* [Exercise]
Wherever a picture appears, leave it out, and transcribe the rest of the records exactly.

Stored data entries

* * * * * * *

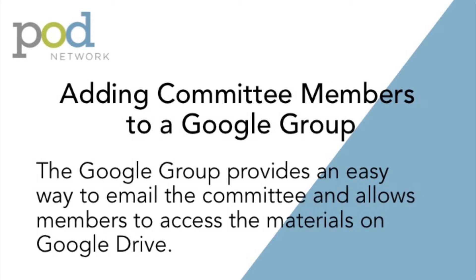Adding committee members to a Google Group. This will provide an easy way to email the entire committee. It will also allow members to access the materials on Google Drive.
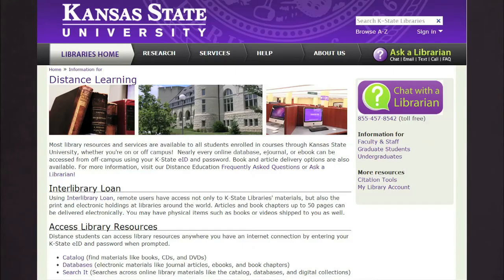All of these resources and services can be found on the library's website, but the best place to start is our Distance Learning page. Here you will find links to frequently asked questions, services, resources, and guides to help navigate the library's infrastructure.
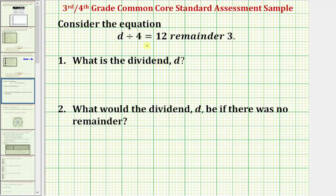We're asked to consider the equation d divided by four equals 12 with the remainder of three. Number one asks: what is the dividend d? So we're looking for a number d that, when divided by four, gives a quotient of 12 with a remainder of three.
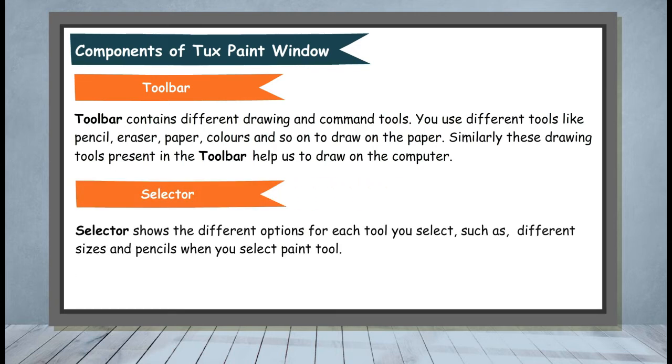Selector. The Selector shows the different options for each tool you select, such as different sizes and pencils when you select the paint tool.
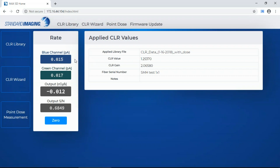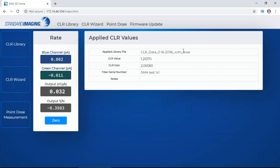The home screen shows me raw values that are being measured right now — this is just background noise, I don't have radiation here to show you measurements. It shows you the Cherenkov light ratio, which is the correction factor from those characterization measurements, and which of those saved files is being applied. Because we have a dose calibration, it will show you output in terms of dose.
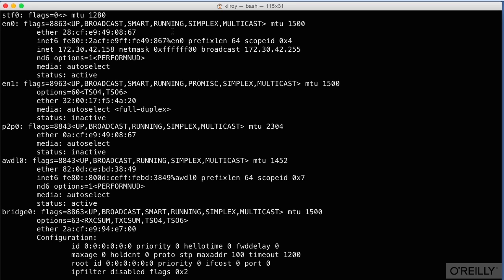What you're looking for is a set of hexadecimal number pairs, specifically, that are separated by a colon. Like we can see here on this one, it says Ether 28:CF:E9:49:08:67.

* * * * * * *

* [Reply]
Adding committee members to a Google Group. This will provide an easy way to email the entire committee. It will also allow members to access the materials on Google Drive.
All of these resources and services can be found on the library's website, but the best place to start is our Distance Learning page. Here you will find links to frequently asked questions, services, resources, and guides to help navigate the library's infrastructure.
We're asked to consider the equation d divided by four equals 12 with the remainder of three. Number one asks: what is the dividend d? So we're looking for a number d that, when divided by four, gives a quotient of 12 with a remainder of three.
Selector. The Selector shows the different options for each tool you select, such as different sizes and pencils when you select the paint tool.
The home screen shows me raw values that are being measured right now — this is just background noise, I don't have radiation here to show you measurements. It shows you the Cherenkov light ratio, which is the correction factor from those characterization measurements, and which of those saved files is being applied. Because we have a dose calibration, it will show you output in terms of dose.
What you're looking for is a set of hexadecimal number pairs, specifically, that are separated by a colon. Like we can see here on this one, it says Ether 28:CF:E9:49:08:67.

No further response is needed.